I've implemented two functions for integers:
impl Simd<[T; N]> where T: Signed | Unsigned {
pub fn wrapping_div(self, other: Self) -> Self {
assert!(!other.eq(Self::splat(0)).any(),
"division by zero: `{:?} / {:?}`", self, other);
unsafe { intrinsic::wrapping_div(self, other) }
}
}
This first function, wrapping_div
, panics if any of the lanes of the denominator is zero, and is therefore safe. For those users that know that none of the lanes of the denominator is zero, I also implemented:
impl Simd<[T; N]> where T: Signed | Unsigned {
/// ... Safety: if any of the lanes of other is zero, the behavior is undefined.
pub unsafe fn wrapping_div_unchecked(self, other: Self) -> Self {
// debug_assert!(!other.eq(Self::splat(0)).any(),
// "division by zero: `{:?} / {:?}`", self, other);
unsafe { intrinsic::wrapping_div(self, other) }
}
}
When operating on SIMD vectors it is, however, very common to only care about some lanes of the result:
let a: Simd<[i32; 4]>;
let c = unsafe { a.wrapping_div_unchecked(b) };
let d = shuffle!(c, [0, 1]); // extract lanes 0 and 1
// drop(c); // the result of lanes 2 and 3 is never used
So it would be nice if instead of saying that calling wrapping_div_unchecked
with a denominator containing a zero lane is undefined behavior, I could say something else to support this idiom.
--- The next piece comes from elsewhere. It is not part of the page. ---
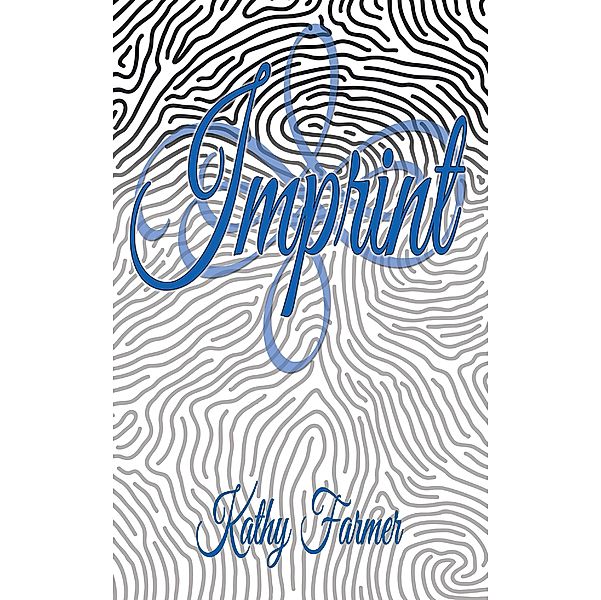 Imprint, Kathy Farmer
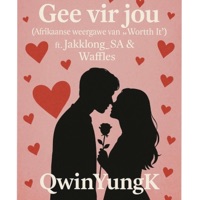Gee vir jou (Afrikaans cover of Worth it) - Single - QwinYungk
Would supporting uninitialized bits in integers help here? That depends on whether dividing by zero returns uninitialized
or something else (see below for a hint on what this should return).
A different way of improving this API would be to change the signature of the method to:
pub fn wrapping_div_unchecked(a: Simd<[T; N]>, b: Simd<[T; N]>)
-> Simd<[MaybeUninit<T>; N]>;
The user could then write:
let a: Simd<[i32; 4]>;
let c = a.wrapping_div_unchecked(b);
let d: Simd<[i32; 2]> = unsafe { shuffle!(c, [0, 1]).into_inner() }; // extract lanes 0 and 1
let e: MaybeUninit<i32> = c.extract(2);
let f: i32 = unsafe { e.into_inner() }; // UB?
As shown in steps e
and f
, the answer to what should dividing by zero returns has to be uninitialized
, because otherwise step f
wouldn't be UB.
With my packed_simd
hat on, adding support for packed SIMD vectors of MaybeUninit<T>
is going to be a true PITA to implement.
Yet the API using MaybeUninit
looks way clearer to me because it puts the unsafe
block in the operation that is actually undefined behavior (reading a value that results from a division by zero) instead of in the actual division.